Let’s discuss that pink for a hot minute.

One of the earlier jobs I had in my life was working for a place called Delta Hosiery.

Delta Hosiery occupied a space about the size of a shoebox in a strip mall in Springfield, PA (one of the most Springfieldy Springfields of all), and I was the sole employee. It sold discount pantyhose, a small selection of socks, a small selection of dance wear, and nothing else. My most recurrent customers were “professional” dancers (read as strippers), who had way better bods than me. And, the entire inside of the store, walls, and ceiling, cheap industrial carpet, was Pepto Bismal pink.

I spent many a long day and night there, making the minimum wage don’tcha-know people, alone with book after book to read, or watching Unsolved Mysteries on the tiny black and white portable TV Delta had supplied me with to help with the crushing boredom. This choice of TV shows would often make me afraid to leave the lonely store at night, in the dark. “It was right here where she left her job at the lonely hosiery outlet to walk to her car, and was never seen again. Maybe you can help solve a mystery!”

I was allowed to put up a “be back soon” sign on the door for 15 minutes to run and get food at one of the attached eateries in the strip mall, or to pee in the tiny toilet in the back in a room so small the sink was outside the room. And it never failed, the minute I headed over to Salad Alley, as I was walking up the hill toward it, I would hear the bell on the door rattling as some woman tried in vain to get in, shaking the door like mad to try to get it to open. As I’d already gotten half-way to the salad, I would keep going, and when I came back I’d have either lost a sale, or the woman would be waiting, visibly steaming, outraged that she had to wait to get her taupe thigh highs or her smoke control tops. And I always wondered at the popularity of those colors. In the most Springfieldy of Springfields there were no people of color to speak of, so my clients were universally white, and, aside from the strippers, women who topped the incredibly old age of 50, and they just loved their smoke and taupe and coffee hosiery. By that point in my life I was evolved enough as an adult to have declared pantyhose of any kind off the table for me forever. (I am too old (21) to be uncomfortable while going to church I don’t even believe in!) But, that being said, everyone knows that black pantyhose are the only choice a person of style should make. TAUPE? Before I worked at Delta Hosiery I had never even heard the word taupe (pronounced tope, like dope, I was told by the district manager), and my vocabulary was not small. Taupe, you elude me still; I cannot understand why someone would choose such a muddy, non-specific color to cover their white legs with. I also could not understand how anyone, even the strippers, could comfortably wear pantyhose without underwear, which was a thing that happened right about that time. Do not worry World!
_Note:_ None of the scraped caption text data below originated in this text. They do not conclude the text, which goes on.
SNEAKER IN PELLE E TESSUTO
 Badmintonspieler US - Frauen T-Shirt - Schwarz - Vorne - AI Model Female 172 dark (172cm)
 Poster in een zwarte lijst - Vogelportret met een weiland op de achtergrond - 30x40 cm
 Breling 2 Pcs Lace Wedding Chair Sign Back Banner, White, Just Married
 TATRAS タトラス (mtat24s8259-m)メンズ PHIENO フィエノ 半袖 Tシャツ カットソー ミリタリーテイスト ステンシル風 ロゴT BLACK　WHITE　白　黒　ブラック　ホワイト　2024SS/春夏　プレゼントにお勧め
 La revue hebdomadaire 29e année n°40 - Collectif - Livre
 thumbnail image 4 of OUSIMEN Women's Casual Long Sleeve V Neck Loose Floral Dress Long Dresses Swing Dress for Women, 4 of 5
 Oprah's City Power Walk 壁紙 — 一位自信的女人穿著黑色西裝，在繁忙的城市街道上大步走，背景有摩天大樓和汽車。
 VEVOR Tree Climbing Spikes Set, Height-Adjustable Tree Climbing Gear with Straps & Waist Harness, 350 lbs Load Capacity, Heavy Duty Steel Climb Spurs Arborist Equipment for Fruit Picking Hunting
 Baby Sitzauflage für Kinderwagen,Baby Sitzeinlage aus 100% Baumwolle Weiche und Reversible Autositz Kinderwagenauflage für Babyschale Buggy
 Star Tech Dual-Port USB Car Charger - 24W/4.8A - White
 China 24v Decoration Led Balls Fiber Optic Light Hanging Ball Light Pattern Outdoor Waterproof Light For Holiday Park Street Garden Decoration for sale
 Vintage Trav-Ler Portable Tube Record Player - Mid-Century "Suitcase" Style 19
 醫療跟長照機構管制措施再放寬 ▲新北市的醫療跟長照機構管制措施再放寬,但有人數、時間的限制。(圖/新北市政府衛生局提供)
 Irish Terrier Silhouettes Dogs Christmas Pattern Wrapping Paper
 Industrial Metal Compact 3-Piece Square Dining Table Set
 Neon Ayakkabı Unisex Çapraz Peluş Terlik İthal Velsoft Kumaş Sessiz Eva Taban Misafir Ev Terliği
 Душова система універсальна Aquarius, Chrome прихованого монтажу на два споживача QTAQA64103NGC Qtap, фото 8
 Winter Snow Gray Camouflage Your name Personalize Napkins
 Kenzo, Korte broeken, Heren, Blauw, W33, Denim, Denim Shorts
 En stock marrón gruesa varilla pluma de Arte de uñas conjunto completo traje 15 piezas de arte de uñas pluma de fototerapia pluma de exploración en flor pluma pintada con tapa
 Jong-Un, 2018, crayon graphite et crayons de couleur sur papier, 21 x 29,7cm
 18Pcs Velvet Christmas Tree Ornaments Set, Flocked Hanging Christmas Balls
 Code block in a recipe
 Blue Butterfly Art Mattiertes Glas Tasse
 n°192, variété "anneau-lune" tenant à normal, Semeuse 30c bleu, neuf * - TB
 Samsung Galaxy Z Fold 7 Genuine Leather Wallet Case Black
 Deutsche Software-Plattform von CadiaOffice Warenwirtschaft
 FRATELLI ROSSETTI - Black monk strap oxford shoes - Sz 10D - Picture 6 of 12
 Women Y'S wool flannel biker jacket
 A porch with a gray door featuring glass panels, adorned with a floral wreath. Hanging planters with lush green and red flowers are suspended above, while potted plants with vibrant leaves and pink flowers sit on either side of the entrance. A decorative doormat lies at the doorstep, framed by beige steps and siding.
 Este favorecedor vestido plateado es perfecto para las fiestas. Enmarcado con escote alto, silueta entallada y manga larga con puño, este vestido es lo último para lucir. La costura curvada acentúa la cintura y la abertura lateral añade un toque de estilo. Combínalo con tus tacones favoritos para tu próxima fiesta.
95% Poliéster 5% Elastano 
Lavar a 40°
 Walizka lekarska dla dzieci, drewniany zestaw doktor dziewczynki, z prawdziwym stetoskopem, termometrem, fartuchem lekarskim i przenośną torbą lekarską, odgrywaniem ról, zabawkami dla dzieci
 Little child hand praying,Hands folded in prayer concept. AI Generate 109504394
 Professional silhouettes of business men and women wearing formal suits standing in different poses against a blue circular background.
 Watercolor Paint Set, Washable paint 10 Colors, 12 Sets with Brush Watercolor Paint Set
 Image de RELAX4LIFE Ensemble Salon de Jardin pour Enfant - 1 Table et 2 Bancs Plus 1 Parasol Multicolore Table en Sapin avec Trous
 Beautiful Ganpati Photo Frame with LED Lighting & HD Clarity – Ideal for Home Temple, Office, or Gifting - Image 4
I am not likely to go commando anytime soon. I like underwear! TMI? Actually, I think Delta may have sold underwear too. In fact, I remember some women called them panties, but, trust me, they were definitely underwear. I know the difference.

One thing I can say in favor of pantyhose though: they are very silky and beguiling to the touch.I remember feeling that I could not resist touching them as I walked through the store each day after opening up. I totally get why perverts like them! Are there perverts anymore? Is that word a thing still? Wait, am I a pantyhose-fondling pervert myself? If I try to run for office now, someone will find this and say I once confessed to being a pervert.

My favorite story about working at Delta Hosiery? The Saturday I was restocking the metal prongs that stuck out from the wall and held the limited selection of socks. When an empty prong is sticking out from a wall it is so thin it is easy not to see it, which is what happened to me when I bent down, and hit myself in the brain (forehead) with a prong I didn’t see. The next thing I know, two women were standing over me and trying to wake me up. Had it not been a Saturday, who knows how long I would have been on the floor in the rarely visited store, unless my most reliable stripper would have come in for a refill on her bare-to-waist control-tops.

The last thing I remember about Delta Hosiery is how the pink would get to me. I’ve never been a fan of pink in general. I was never one of those blonds who went through a pastel/earthtones phase. Blech. And, sometimes, the vibrating Pepto Bismal pink, from the ceiling, from the walls, from the rug in the tiny rectangle of a store, was just too much to take, like a visual tinnitus. And so sometimes, when I left at night, I was unsteady on my feet, like I was coming off an amusement ride.

I looked, but I can find no record of Delta Hosiery’s existence on the internet. I guess they were pre-internet. However, doubting Thomas, here’s proof of their existence, found, like much of history, on eBay.

delta

Ahhh, Fern, what are you doing now?

Delta Hosiery was, like many of the jobs I have had, not hard, but not even remotely interesting. That store could even take the fire out of strippers I tells ya….

Now, for the love part. And in case you ever doubted my ability to go off on a tangent, you now know I can.

And so, as you may know, I have rearranged the office many times. And somehow, in my possession, are two framed photos that are the exact same photo: my Chad, my darling Chad.

How I miss his dear little face. My mother says he had a bark that would go through her skull, or some such thing. I don’t remember him making a sound. But I do remember how I loved him, and he loved me, and I loved him enough to put several photos of him in my office, and, apparently, two closest to my line of sight when I sit at my desk. Normally, when I look over at his photo, I don’t even notice there are two, and I certainly almost never notice the Pepto Bismal pink bookcase beneath them.

Love.

We see what we want to see.

And what we want to see our starving eyes can never get enough of.